Ophir City, another Washoe Valley ghost town, celebrated it’s 150 year anniversary this year. Along with the other local ghost towns, Mill City, Franktown, and Washoe City, Ophir played an important part in the exciting history of the Comstock Lode. In 1961, local dignitaries gathered to place a bronze plaque to honor the town on the west side of the valley. Established in 1861, Ophir combined ample water and wood fuel resources with ore hauled down from Virginia City to provide the first large scale milling of the Comstock Lode’s fabulous ores.
There were no water and power resources available in Virginia City to accommodate a large scale ore processing plant in 1861. Previously, ore had to be sacked and hauled to California by mule for processing. Rapidly expanding operations in the Comstock required a closer answer, one with abundant water and wood for fuel.
A road, the Ophir Grade, was carved into the hillsides east of the valley whose roadbed was soon pounded into a fine dust by hundreds of trips of mules and oxen pulling ore laden wagons and swearing teamsters to the lush valley. To shorten the trip, a causeway, or wood piling bridge, was built across the marshlands to the north of Washoe Lake.
At the terminus, on an acre of land, was built an impressive granite block building made of native stone. Milling machinery was hauled in by wagon, probably from foundries in California, and a steam powered 72 stamp mill installed (The photo on the left shows a stamp battery of approximately 30 stamps. Mind your fingers and no loose shirttails, please!). Around the plant, various support buildings, residences and buildings sprang up representing a village of 1200 residents. A fine mansion for the superintendent was built with the latest trimmings. The then astonishing amount of $500,000 was spent and another $75,000 on the causeway. The owners, who also owned the Ophir mine in Virginia City, probably realized the Comstock Lode was the largest bonanza since the California Gold Rush and built the mill to last for many years. In 1865 serious talk ws even made of running a railroad from Virginia City directly to Ophir. (Photo of causeway remains thanks to Heidi Englund of the Nevada Historical Society).

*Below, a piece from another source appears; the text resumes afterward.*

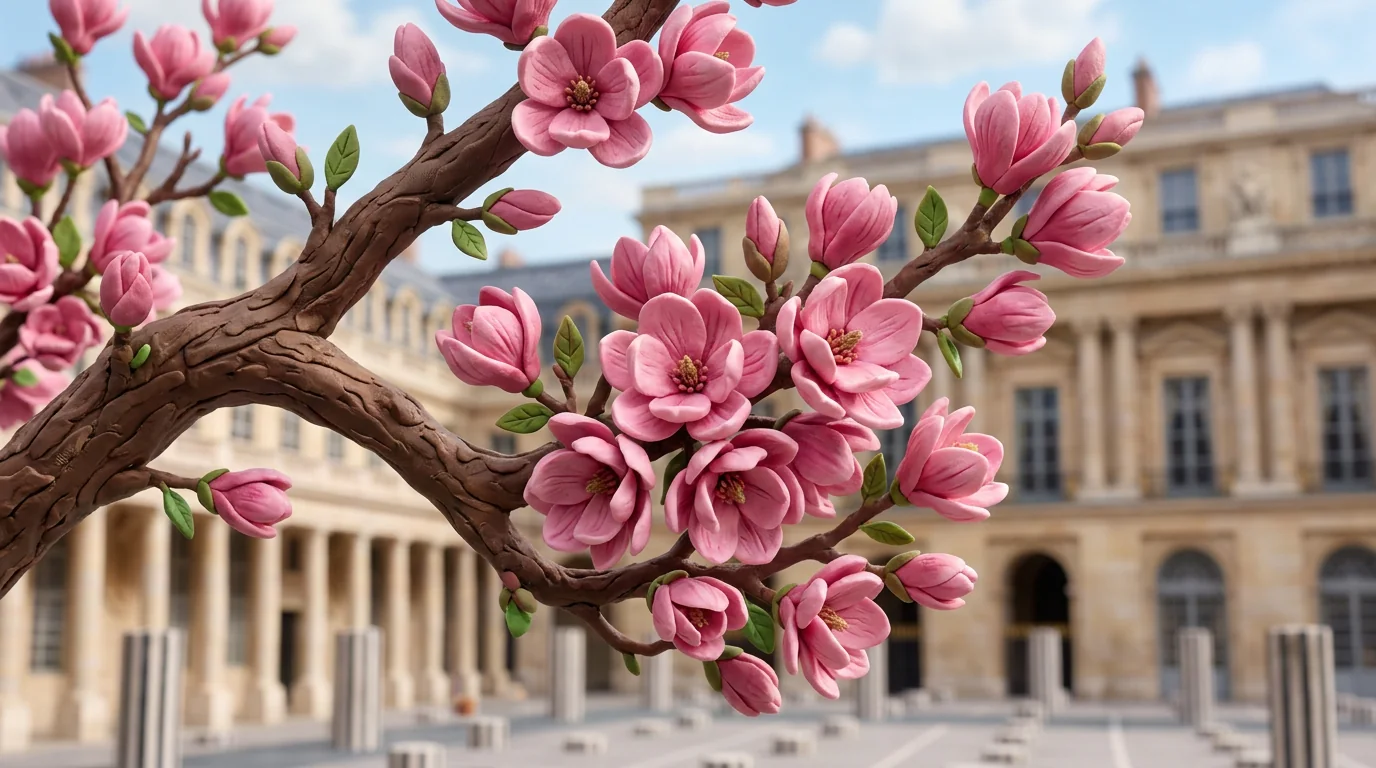 My Paris Adventure in Clay | 2 min film in comments picture 9 of 12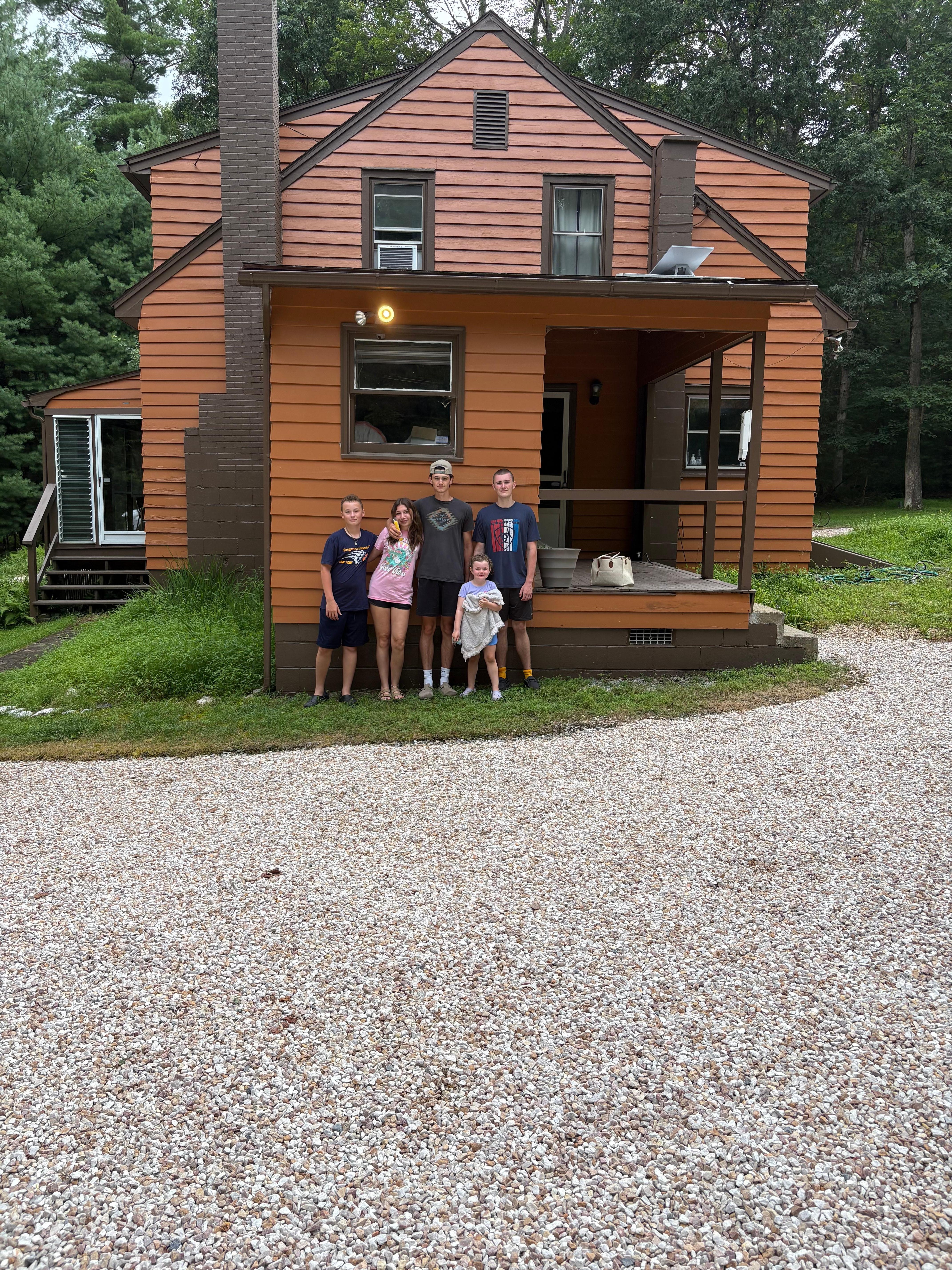 Kids wanted to stay 😔😊 always a good sign !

Alas, as with most western boom towns, conditions changed quickly. In 1870, just nine years later, the Virginia and Truckee Railroad was completed and ore could be more economically hauled to the Carson River where several large mills were built to take advantage of the water power there. The railroad also hauled wood and supplies to the mills and up to Virginia City, making the Washoe Valley mills and their roads obsolete overnight. The valley towns quickly declined and, being at the crossroads of the V&T and transcontinental railroad, Reno became the center of civilization for Washoe County. Since that time, the impressive granite mill and the town has deteriorated down to the small pile of stones still visible on the east side of Highway 395. All that remains of the causeway across the valley are the stubs of the pilings protruding through the marsh. The men and machinery moved on to other opportunities and the valley returned to its agricultural roots.